» **TASK PROMPT**
Ignoring every picture, return the lines of the listing below word for word, from the line that holds "Ambasador Švacarske NJ.E. Urs Šmid" through the line that holds "Hunter Original Short Boot Dark Olive Grün".

» **INPUT DATA**
──────────

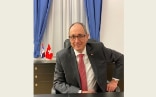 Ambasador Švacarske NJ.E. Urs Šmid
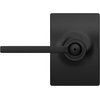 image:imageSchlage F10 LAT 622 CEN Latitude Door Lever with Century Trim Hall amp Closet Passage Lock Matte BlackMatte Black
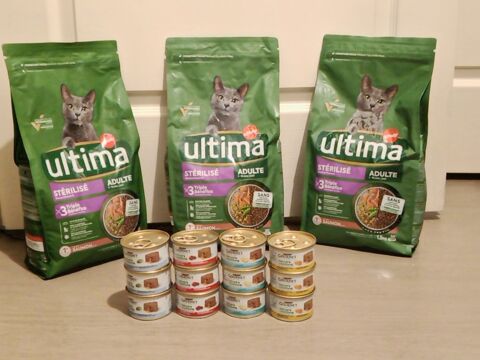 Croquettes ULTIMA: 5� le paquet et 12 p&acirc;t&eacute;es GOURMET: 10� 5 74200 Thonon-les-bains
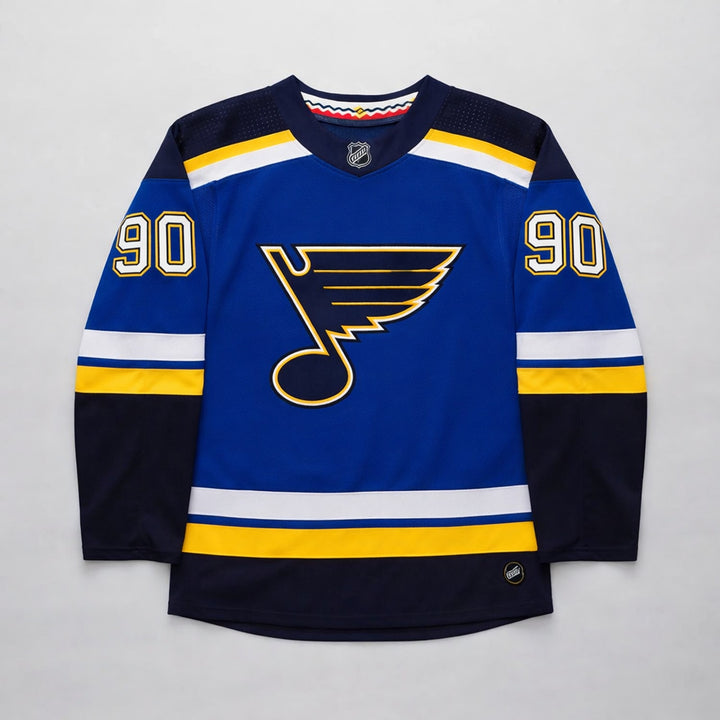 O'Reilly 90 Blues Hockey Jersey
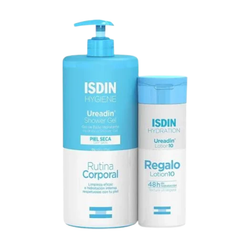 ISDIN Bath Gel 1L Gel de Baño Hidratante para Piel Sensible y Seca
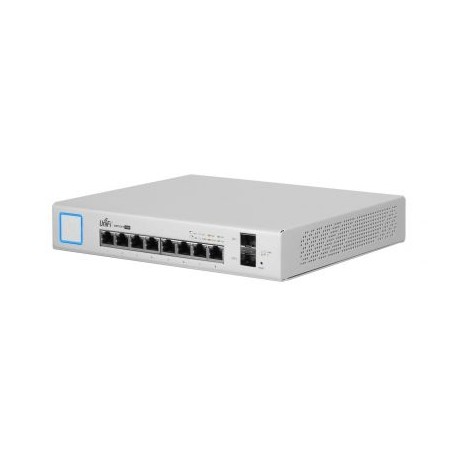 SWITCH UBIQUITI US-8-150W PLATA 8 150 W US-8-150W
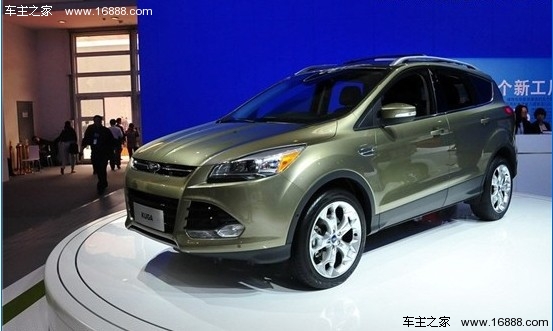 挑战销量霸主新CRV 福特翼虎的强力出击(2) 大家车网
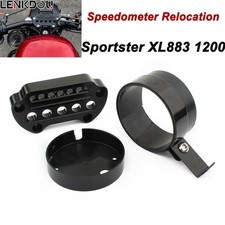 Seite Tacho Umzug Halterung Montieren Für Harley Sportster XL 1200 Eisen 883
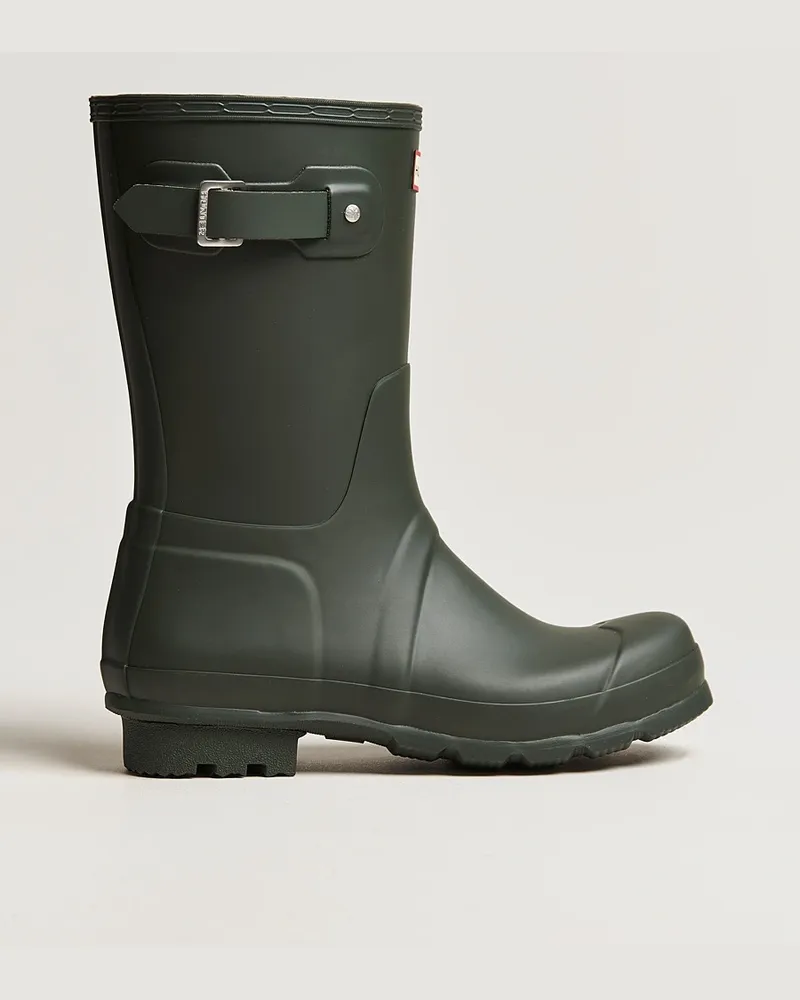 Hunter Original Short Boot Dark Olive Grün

──────────

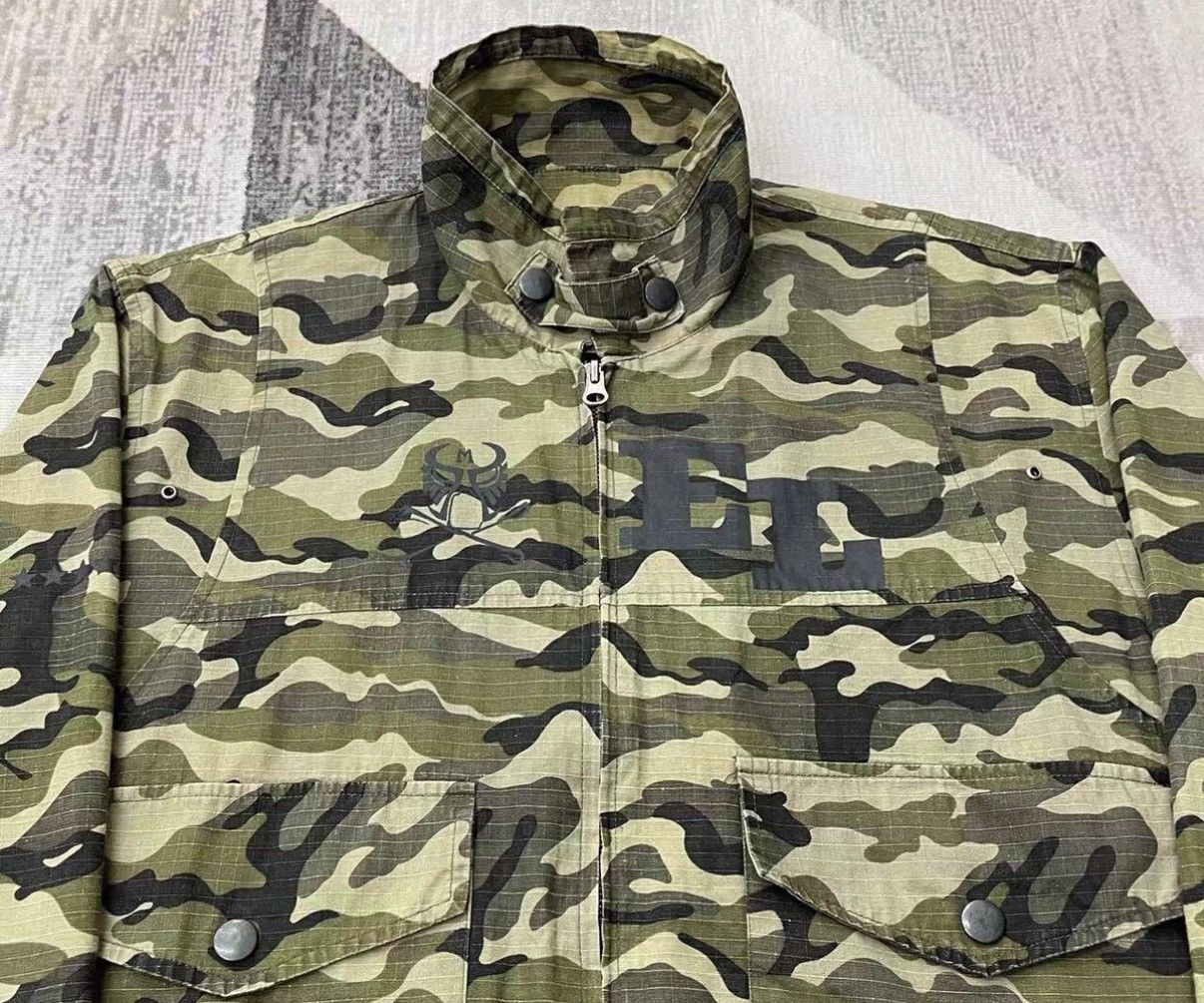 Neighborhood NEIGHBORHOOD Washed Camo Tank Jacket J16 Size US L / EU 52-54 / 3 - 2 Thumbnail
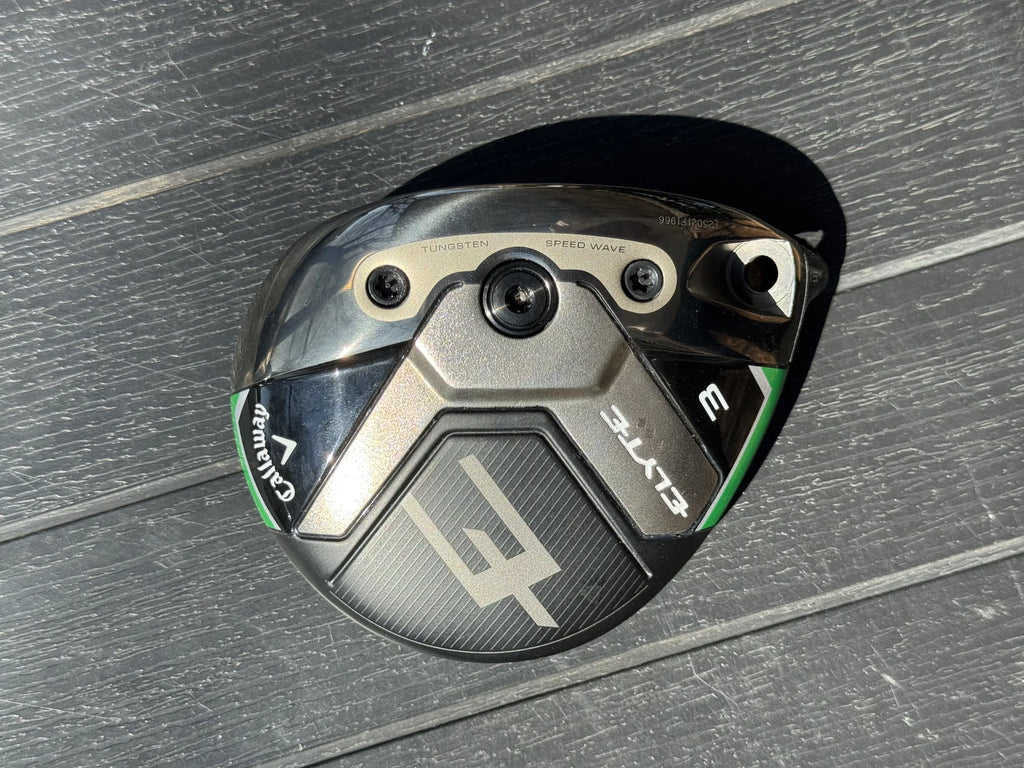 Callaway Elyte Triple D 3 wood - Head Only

──────────

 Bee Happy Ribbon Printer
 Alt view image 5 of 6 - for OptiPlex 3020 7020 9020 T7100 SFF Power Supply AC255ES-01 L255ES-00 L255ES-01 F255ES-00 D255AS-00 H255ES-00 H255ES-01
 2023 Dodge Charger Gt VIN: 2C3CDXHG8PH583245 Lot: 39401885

──────────

» **WRITTEN REPLY**
 Ambasador Švacarske NJ.E. Urs Šmid
 image:imageSchlage F10 LAT 622 CEN Latitude Door Lever with Century Trim Hall amp Closet Passage Lock Matte BlackMatte Black
 Croquettes ULTIMA: 5� le paquet et 12 p&acirc;t&eacute;es GOURMET: 10� 5 74200 Thonon-les-bains
 O'Reilly 90 Blues Hockey Jersey
 ISDIN Bath Gel 1L Gel de Baño Hidratante para Piel Sensible y Seca
 SWITCH UBIQUITI US-8-150W PLATA 8 150 W US-8-150W
 挑战销量霸主新CRV 福特翼虎的强力出击(2) 大家车网
 Seite Tacho Umzug Halterung Montieren Für Harley Sportster XL 1200 Eisen 883
 Hunter Original Short Boot Dark Olive Grün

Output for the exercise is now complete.